> _Work item_
Repeat exactly, please, the opening lines of the data below, through and including the line where "For the phone" sits.
··········
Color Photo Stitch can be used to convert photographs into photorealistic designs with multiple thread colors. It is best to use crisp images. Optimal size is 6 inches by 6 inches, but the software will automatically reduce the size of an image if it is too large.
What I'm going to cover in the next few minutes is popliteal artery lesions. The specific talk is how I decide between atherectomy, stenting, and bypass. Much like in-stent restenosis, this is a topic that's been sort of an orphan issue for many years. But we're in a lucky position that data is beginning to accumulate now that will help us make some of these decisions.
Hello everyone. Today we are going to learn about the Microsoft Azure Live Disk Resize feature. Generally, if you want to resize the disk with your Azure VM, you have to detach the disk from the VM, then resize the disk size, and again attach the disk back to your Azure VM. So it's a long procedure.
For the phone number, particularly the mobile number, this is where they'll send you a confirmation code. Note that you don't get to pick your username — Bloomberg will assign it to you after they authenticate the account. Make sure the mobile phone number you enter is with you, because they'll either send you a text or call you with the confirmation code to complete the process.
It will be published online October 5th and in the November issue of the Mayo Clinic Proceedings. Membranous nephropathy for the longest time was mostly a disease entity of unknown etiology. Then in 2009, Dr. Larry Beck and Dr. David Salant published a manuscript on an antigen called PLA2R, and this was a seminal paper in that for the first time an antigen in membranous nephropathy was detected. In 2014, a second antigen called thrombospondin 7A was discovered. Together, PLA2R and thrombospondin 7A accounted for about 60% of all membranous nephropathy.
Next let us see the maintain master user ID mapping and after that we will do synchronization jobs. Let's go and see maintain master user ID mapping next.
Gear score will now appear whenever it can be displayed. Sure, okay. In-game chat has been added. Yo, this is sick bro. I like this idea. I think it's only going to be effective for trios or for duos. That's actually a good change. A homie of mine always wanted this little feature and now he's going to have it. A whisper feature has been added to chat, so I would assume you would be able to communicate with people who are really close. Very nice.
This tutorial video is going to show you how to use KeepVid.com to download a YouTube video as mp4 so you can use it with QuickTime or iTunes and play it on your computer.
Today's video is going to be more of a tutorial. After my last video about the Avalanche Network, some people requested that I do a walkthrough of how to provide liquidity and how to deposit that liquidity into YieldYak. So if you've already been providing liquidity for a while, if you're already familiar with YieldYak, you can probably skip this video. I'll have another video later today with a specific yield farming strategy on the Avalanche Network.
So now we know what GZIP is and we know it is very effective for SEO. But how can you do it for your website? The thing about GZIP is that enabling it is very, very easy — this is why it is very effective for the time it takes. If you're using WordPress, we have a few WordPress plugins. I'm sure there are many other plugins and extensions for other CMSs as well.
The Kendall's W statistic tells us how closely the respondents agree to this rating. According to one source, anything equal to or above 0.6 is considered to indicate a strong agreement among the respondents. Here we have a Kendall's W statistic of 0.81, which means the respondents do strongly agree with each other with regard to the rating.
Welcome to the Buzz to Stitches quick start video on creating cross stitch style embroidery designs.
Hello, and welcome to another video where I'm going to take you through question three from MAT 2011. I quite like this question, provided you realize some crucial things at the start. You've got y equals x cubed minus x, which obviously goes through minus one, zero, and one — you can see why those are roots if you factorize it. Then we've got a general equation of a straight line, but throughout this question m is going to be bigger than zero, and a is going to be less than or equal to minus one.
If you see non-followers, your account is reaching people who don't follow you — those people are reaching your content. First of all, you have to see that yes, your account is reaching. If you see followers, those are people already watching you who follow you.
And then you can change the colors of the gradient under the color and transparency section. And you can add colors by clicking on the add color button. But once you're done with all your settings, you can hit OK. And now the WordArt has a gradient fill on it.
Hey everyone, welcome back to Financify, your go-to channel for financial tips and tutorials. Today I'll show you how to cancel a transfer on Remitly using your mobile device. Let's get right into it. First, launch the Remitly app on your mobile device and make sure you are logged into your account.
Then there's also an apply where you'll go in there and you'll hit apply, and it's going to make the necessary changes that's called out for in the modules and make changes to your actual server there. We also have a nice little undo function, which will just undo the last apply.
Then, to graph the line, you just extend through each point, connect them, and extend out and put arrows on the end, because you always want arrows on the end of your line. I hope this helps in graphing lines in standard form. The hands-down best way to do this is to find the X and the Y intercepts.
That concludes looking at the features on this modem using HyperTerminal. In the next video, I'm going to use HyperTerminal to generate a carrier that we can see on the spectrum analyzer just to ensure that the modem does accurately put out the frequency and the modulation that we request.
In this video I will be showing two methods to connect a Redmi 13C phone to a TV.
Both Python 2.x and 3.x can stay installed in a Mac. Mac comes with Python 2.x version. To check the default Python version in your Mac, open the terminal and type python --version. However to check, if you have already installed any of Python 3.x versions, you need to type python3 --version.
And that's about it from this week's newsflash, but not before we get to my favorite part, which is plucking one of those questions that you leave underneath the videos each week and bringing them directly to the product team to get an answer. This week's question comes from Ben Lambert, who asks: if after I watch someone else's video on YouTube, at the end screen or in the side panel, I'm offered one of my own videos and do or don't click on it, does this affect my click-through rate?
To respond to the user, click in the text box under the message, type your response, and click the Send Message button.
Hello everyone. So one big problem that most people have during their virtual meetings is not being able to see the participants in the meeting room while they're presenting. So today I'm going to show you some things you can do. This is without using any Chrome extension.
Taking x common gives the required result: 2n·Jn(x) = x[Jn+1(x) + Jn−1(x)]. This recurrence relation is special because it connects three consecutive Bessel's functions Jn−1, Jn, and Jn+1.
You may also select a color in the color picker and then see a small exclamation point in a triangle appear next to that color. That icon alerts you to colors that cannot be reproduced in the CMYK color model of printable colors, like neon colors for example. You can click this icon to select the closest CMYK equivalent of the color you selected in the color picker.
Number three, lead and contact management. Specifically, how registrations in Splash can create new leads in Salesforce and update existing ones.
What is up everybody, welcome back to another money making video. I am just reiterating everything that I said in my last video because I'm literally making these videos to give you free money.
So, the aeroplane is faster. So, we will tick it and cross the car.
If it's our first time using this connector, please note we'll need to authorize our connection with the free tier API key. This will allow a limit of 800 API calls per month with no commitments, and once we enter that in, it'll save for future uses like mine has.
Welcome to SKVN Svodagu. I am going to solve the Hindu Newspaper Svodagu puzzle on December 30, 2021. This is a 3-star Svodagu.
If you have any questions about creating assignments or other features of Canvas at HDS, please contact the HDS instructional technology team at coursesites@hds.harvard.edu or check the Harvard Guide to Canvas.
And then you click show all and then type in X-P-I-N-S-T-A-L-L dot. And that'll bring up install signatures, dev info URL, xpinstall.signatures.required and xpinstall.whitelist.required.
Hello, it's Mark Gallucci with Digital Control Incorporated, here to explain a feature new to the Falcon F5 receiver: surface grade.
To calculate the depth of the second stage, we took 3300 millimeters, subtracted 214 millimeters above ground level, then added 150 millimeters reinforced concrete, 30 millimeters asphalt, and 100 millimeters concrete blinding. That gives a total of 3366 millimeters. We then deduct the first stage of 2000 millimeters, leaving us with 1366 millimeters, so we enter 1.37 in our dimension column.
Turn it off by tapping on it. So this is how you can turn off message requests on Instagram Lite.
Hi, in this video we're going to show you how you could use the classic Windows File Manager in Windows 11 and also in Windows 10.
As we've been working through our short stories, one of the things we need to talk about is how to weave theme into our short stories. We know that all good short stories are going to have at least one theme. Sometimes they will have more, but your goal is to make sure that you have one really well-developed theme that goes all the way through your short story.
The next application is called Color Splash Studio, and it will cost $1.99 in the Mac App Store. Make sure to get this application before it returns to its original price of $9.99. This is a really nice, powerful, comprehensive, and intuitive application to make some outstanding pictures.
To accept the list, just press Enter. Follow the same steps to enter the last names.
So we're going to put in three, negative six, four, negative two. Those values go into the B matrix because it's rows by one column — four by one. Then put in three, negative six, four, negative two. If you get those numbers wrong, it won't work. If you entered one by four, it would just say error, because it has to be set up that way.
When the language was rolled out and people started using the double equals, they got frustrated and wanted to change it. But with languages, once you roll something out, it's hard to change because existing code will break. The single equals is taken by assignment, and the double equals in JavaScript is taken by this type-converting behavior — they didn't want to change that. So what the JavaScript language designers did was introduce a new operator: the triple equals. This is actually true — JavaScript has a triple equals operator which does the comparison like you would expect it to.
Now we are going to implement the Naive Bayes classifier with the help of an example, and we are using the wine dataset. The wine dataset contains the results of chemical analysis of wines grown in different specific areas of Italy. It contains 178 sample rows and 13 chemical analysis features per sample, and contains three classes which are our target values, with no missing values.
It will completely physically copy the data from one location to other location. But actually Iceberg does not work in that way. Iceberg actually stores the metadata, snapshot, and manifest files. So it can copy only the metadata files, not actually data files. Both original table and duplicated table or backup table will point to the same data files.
··········
> _Response to this exercise_
Color Photo Stitch can be used to convert photographs into photorealistic designs with multiple thread colors. It is best to use crisp images. Optimal size is 6 inches by 6 inches, but the software will automatically reduce the size of an image if it is too large.
What I'm going to cover in the next few minutes is popliteal artery lesions. The specific talk is how I decide between atherectomy, stenting, and bypass. Much like in-stent restenosis, this is a topic that's been sort of an orphan issue for many years. But we're in a lucky position that data is beginning to accumulate now that will help us make some of these decisions.
Hello everyone. Today we are going to learn about the Microsoft Azure Live Disk Resize feature. Generally, if you want to resize the disk with your Azure VM, you have to detach the disk from the VM, then resize the disk size, and again attach the disk back to your Azure VM. So it's a long procedure.
For the phone number, particularly the mobile number, this is where they'll send you a confirmation code. Note that you don't get to pick your username — Bloomberg will assign it to you after they authenticate the account. Make sure the mobile phone number you enter is with you, because they'll either send you a text or call you with the confirmation code to complete the process.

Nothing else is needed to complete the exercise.